A database is a collection of data that is stored, managed, and accessed electronically. It typically contains one or more tables, which resemble Excel or Google sheets, with data organized into rows and columns. As the number of tables grows, managing the database can become complex, making it essential to design a scalable and maintainable strucutre.
Databases can be broadly categorized into two types: Relational database, primarily used for real-time data updates and transactions, and data warehouse, optimized for data analysis and reporting purposes.
Data modeling is the process of creating a conceptual representation of data structures, relationships, and rule to meet business requirements. It serves as a blueprint for designing and managing a database.
There are three types of data models: conceptual, logical, and physical.
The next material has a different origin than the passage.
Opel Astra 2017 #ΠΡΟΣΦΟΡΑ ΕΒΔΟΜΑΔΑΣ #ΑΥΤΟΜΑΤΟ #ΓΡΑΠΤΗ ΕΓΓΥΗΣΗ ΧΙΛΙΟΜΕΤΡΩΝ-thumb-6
The conceptual data model provides a high-level overview, specifying relationships between objects without technical details. The logical data model refine the conceptual data model by adding more detail, such as fields for each object. The physical data model describe the internal schema of the database, including table structures, storage details, and implementation specifics.
---
title: Conceptual Data Model
---
erDiagram
Customer ||--o{ Order : places
Order ||--|{ Product : contains
---
title: Logical Data Model
---
erDiagram
Customer {
int customerId
string name
string email
}
Order {
int orderId
date orderDate
float totalAmount
}
Product {
int productId
string productName
float price
}
Customer ||--o{ Order : places
Order ||--|{ Product : contains
---
title: Physical Data Model
---
erDiagram
Customer {
int customerId PK
varchar name
varchar email
}
Order {
int orderId PK
date orderDate
float totalAmount
int customerId FK
}
Product {
int productId PK
varchar productName
decimal price
}
OrderItem {
int orderItemId PK
int orderId FK
int productId FK
int quantity
}
Customer ||--o{ Order : places
Order ||--|{ OrderItem : includes
OrderItem ||--|{ Product : contains
In database design, an entity is a distinct object that typically represents real-world objects, events, or concepts. Entities are represented as tables in a relational database, and they are similar to classes in object-oriented design. Each row in the table represents an instance of the entity. Each entity has attributes that describe its characteristics. For example, a Student entity may have attributes like student_id, first_name, last_name, and date_of_birth, among others. Entities can be related to one another, and these relationships are often captured using foreign keys or relationship tables, which link entities together based on logical associations. For example, a Student might be linked to a Course through an enrollment relationship.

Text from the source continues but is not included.